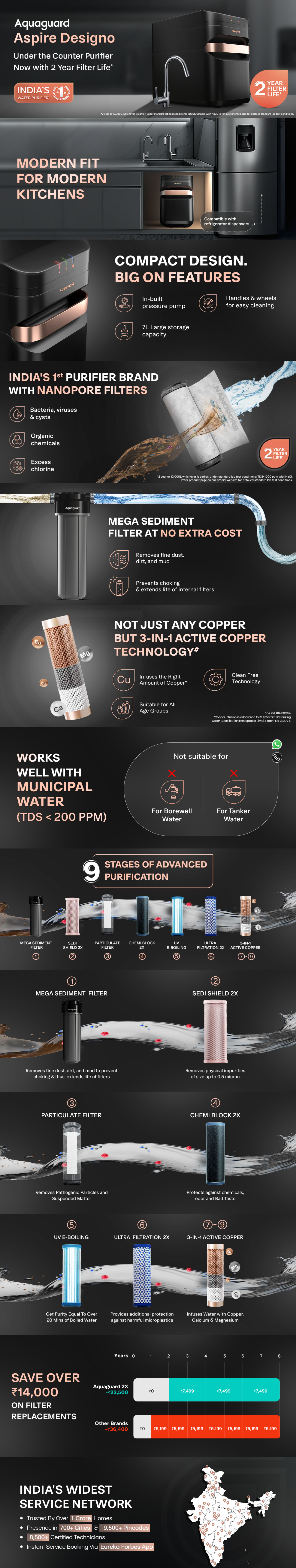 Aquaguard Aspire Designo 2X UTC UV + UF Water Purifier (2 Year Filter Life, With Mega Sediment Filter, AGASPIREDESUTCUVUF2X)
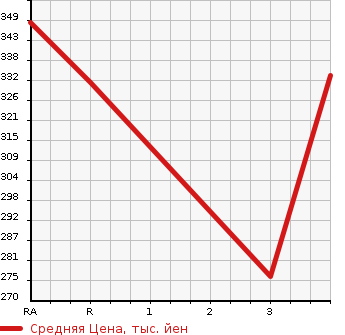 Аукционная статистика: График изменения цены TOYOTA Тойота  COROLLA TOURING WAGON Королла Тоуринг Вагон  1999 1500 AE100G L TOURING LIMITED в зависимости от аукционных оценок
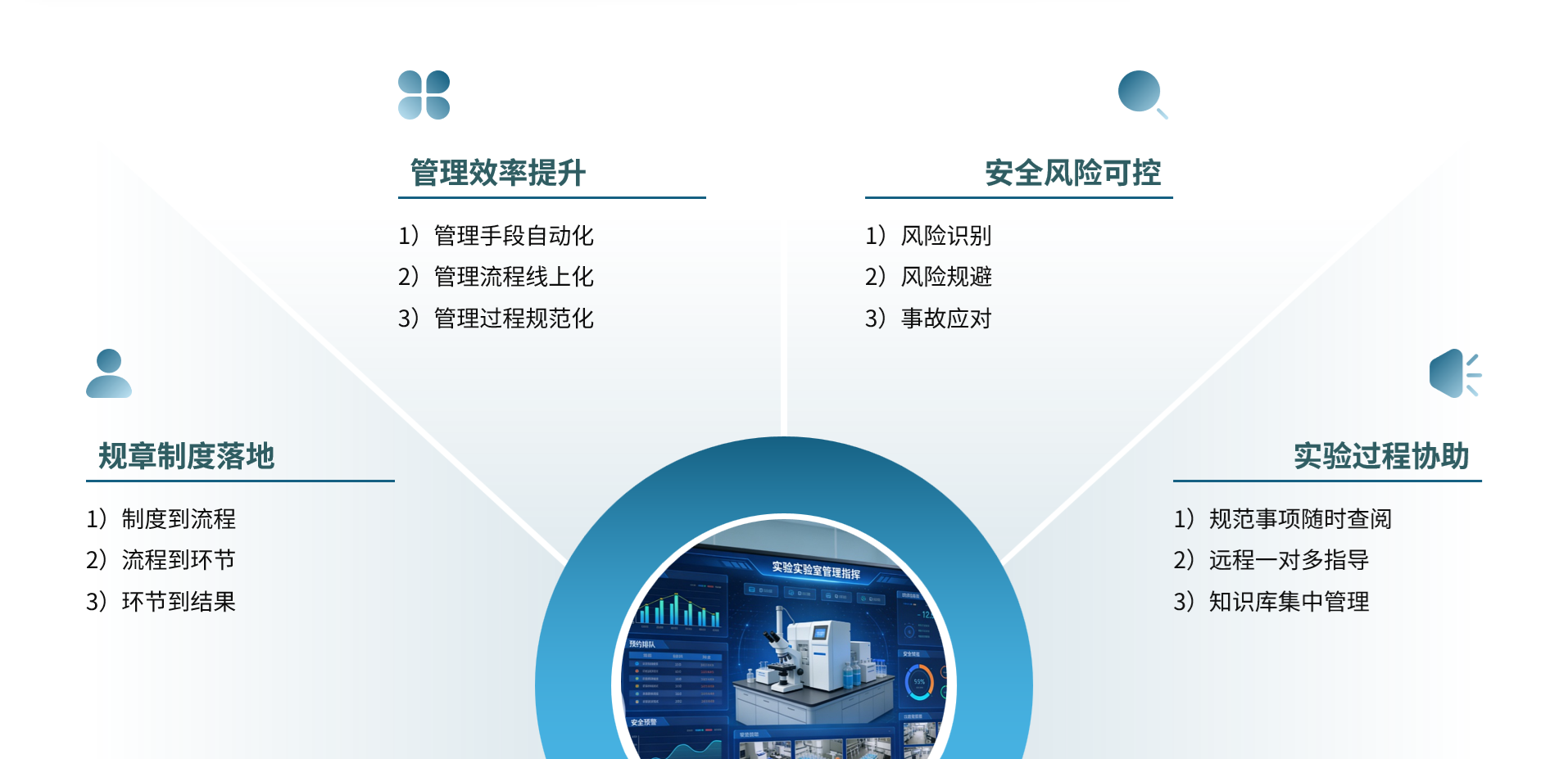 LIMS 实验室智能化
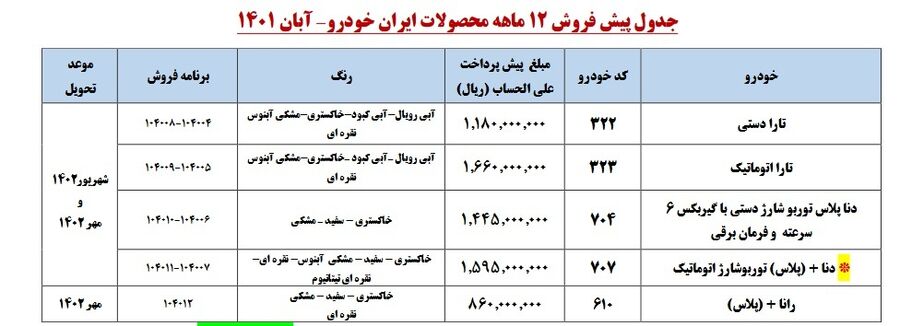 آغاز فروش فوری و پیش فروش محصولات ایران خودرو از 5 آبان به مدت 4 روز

## What is being asked
Write all the lines above out again exactly, minus the images.

## Response for this exercise
 Aquaguard Aspire Designo 2X UTC UV + UF Water Purifier (2 Year Filter Life, With Mega Sediment Filter, AGASPIREDESUTCUVUF2X)
 Аукционная статистика: График изменения цены TOYOTA Тойота  COROLLA TOURING WAGON Королла Тоуринг Вагон  1999 1500 AE100G L TOURING LIMITED в зависимости от аукционных оценок
 LIMS 实验室智能化
 آغاز فروش فوری و پیش فروش محصولات ایران خودرو از 5 آبان به مدت 4 روز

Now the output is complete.